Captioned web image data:
━━━━━━━━━━━━━━━━━━━━

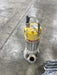 2021 ATLAS COPCO WEDA S60N 230/460V 60Hz CSA 4"NPT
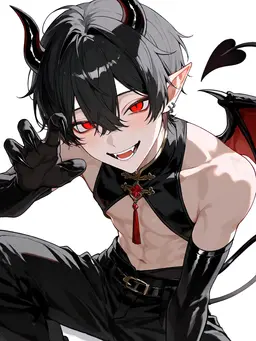 Profile image of デュラ
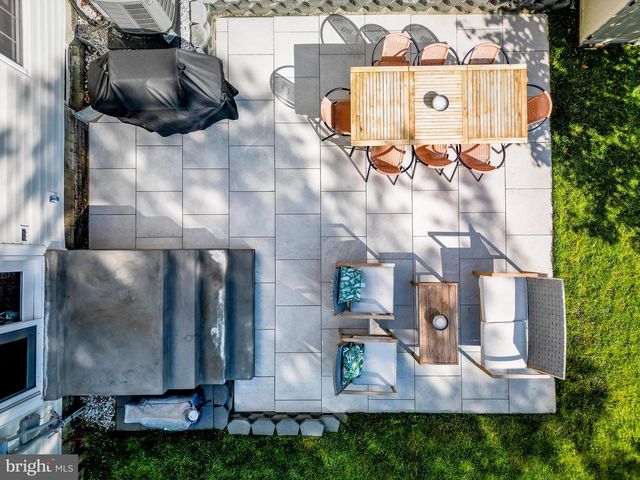 3157 BENTON SQUARE DR, Olney, MD 20832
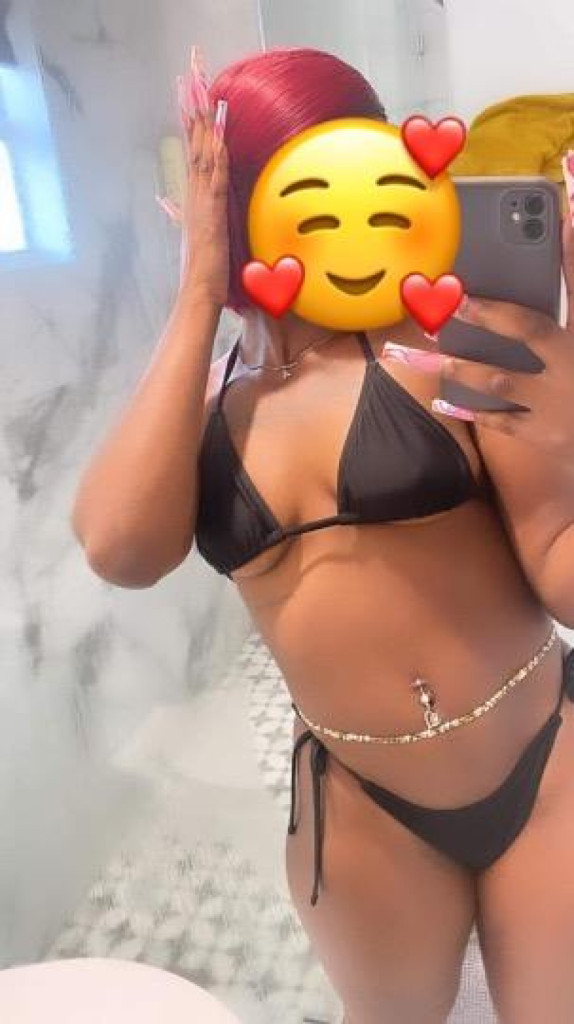 Profile picture 3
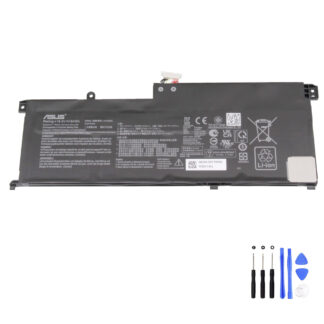 64Wh Asus C41N2002 Battery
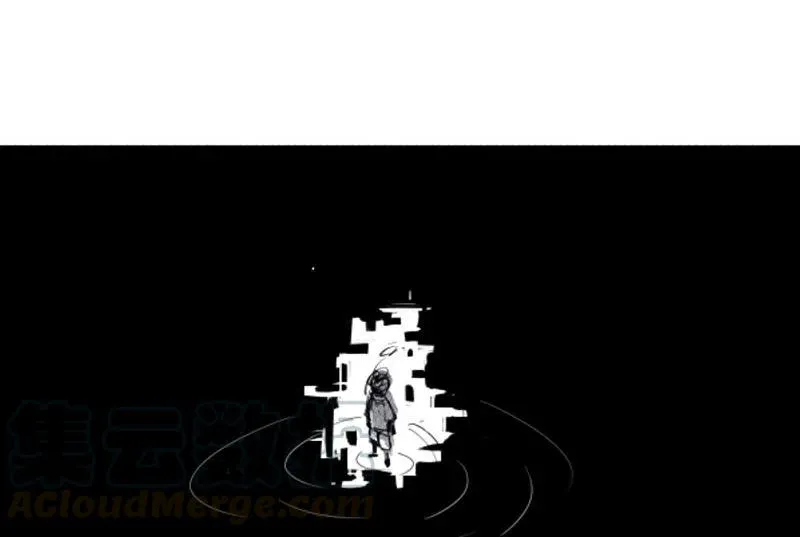 第50话 入侵的记忆（3） 第17页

━━━━━━━━━━━━━━━━━━━━

What is required:
Copy the records exactly. Skip the pictures.

Answer to this task:
 2021 ATLAS COPCO WEDA S60N 230/460V 60Hz CSA 4"NPT
 Profile image of デュラ
 3157 BENTON SQUARE DR, Olney, MD 20832
 Profile picture 3
 64Wh Asus C41N2002 Battery
 第50话 入侵的记忆（3） 第17页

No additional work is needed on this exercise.